## Directions for this task
Take the records below and retype them line by line, from the first line through the one containing "Hyundai Sonata SE 2.4L 4 2014"; stop there.

--- Supplied material Enclosed Below ---

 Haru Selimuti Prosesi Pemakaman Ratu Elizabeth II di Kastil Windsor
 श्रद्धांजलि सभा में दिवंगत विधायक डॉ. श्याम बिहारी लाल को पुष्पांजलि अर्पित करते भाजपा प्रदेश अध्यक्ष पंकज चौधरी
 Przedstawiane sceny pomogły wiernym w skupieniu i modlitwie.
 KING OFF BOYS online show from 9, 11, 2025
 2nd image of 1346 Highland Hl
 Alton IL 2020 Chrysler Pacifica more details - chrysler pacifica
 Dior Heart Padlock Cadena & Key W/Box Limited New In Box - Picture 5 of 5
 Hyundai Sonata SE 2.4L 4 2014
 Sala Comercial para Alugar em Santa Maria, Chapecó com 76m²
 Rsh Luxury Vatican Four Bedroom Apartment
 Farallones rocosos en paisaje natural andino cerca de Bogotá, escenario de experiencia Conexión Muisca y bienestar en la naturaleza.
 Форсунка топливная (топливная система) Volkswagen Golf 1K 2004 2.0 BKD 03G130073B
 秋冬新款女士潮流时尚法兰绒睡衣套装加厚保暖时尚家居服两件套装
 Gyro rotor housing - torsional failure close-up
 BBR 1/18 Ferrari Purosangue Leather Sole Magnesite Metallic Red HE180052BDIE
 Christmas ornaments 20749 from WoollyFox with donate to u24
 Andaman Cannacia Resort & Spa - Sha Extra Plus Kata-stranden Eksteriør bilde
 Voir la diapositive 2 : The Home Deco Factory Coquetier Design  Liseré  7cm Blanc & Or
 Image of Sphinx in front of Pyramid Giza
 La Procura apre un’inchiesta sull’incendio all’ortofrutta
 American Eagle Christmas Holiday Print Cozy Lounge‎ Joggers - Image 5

--- End of Enclosed Supplied material ---

## Answer section
 Haru Selimuti Prosesi Pemakaman Ratu Elizabeth II di Kastil Windsor
 श्रद्धांजलि सभा में दिवंगत विधायक डॉ. श्याम बिहारी लाल को पुष्पांजलि अर्पित करते भाजपा प्रदेश अध्यक्ष पंकज चौधरी
 Przedstawiane sceny pomogły wiernym w skupieniu i modlitwie.
 KING OFF BOYS online show from 9, 11, 2025
 2nd image of 1346 Highland Hl
 Alton IL 2020 Chrysler Pacifica more details - chrysler pacifica
 Dior Heart Padlock Cadena & Key W/Box Limited New In Box - Picture 5 of 5
 Hyundai Sonata SE 2.4L 4 2014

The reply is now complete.